Vivimos en un país raro donde lo auténtico es contradictorio: el chile de calidad nos hace llorar. Lo mismo pasa con el mariachi. Nadie lo escucha por vocación melódica, tampoco es cierto que solo nos entreguemos a esa tempestad sonora animados por el despecho. El mariachi representa un complejo acto de amor propio. Es tan irrenunciable, íntimo y hartante como la cara que ves en el espejo. Las intrincadas pasiones que suscita derivan de esta condición identitaria. Lo difícil es explicárselo a Carlitos Espronceda.

Cuando los mariachis se lanzan sobre los coches en el Eje Central de la ciudad de México parecen decir: "O me contrata o me atropella". Nada más nuestro que las oposiciones.

Esto nos lleva al tema del patriotismo. Carlitos pertenece al admirable rango de los mexicanos que conocen la historia del postre de capirotada y distinguen el aguacate que no es de Acámbaro. En su caso, el sentido de pertenencia se cumple con la espontaneidad de lo diario. No necesita que un almacén le ofrezca "ofertas mexicanas de septiembre" ni que la televisión lo motive a corear goles de comercial nacionalismo. Al modo de López Velarde, vive una paciente patria íntima, hecha de sabores, nombres, coloraciones de la luz que le permiten sentir el renovado misterio de lo habitual.

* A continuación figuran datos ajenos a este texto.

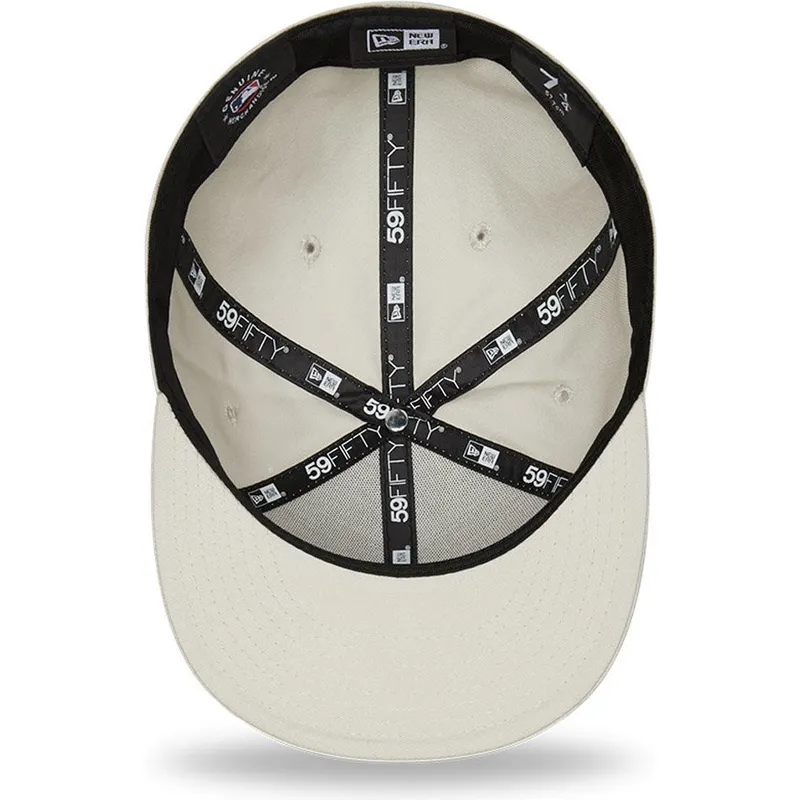 mutzen-flach-grau-angepasst-marron-59fifty-league-essential-der-new-york-yankees-mlb-von-new-era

Incapaz de emular esta naturalidad, vivo, como la mayoría de la gente que conozco, entre el repudio y la celebración de lo que me es inmediato. Pertenecer implica despojarte de los tranquilizadores beneficios de la indiferencia. Eres del sitio donde te puede pasar lo mejor y lo peor.

Cuando me encontré a Carlitos, yo venía atribulado porque antes me había topado con un amigo al que le decimos el Tamal Tóxico (su conversación es sabrosa pero sus ingredientes están podridos). Con enorme gusto, el Tamal me acababa de informar que según el Fondo Monetario, o algún otro organismo de valoración económica, México ocupa el lugar número 115 en confiabilidad. "¿Sabes cuántos países hay en la lista?", preguntó goloso. Conociéndolo, dije que 115. Le di el gusto adicional de equivocarme: "117", fue su triunfal respuesta.

El Tamal adora México al grado de no tener pasaporte. Su identidad depende de disfrutar las pésimas noticias que encuentra en todas partes. Platicar con él me llevó a revisar nuestro peculiar nacionalismo. Conozco a cientos de mexicanos que viajan con su bandera pero dicen que actuaron "a la mexicana" para referirse a algo muy negativo.

La contradicción entre el orgullo fiestero y la crítica de nuestras lacras encuentra perfecta expresión en una música que nos exalta y nos aturde en idénticas dosis. ¿Hay mejor forma de mezclar inconciliables intereses? Cuando alguien quiere con rencor o disfruta con tristeza generalmente habla de sí mismo. Me tardé en explicarle a Carlitos la convulsa identidad de lo que se ama y se odia, y a veces se escucha.

Erudito al fin, recordó mi canción favorita en el género del mariachi: Se me olvidó otra vez. Hay gente que recuerda sola y gente que necesita el empujón de la música.

Si este artículo fuera un medicamento debería llevar la etiqueta: "Identidad nacional: agítese antes de usarse".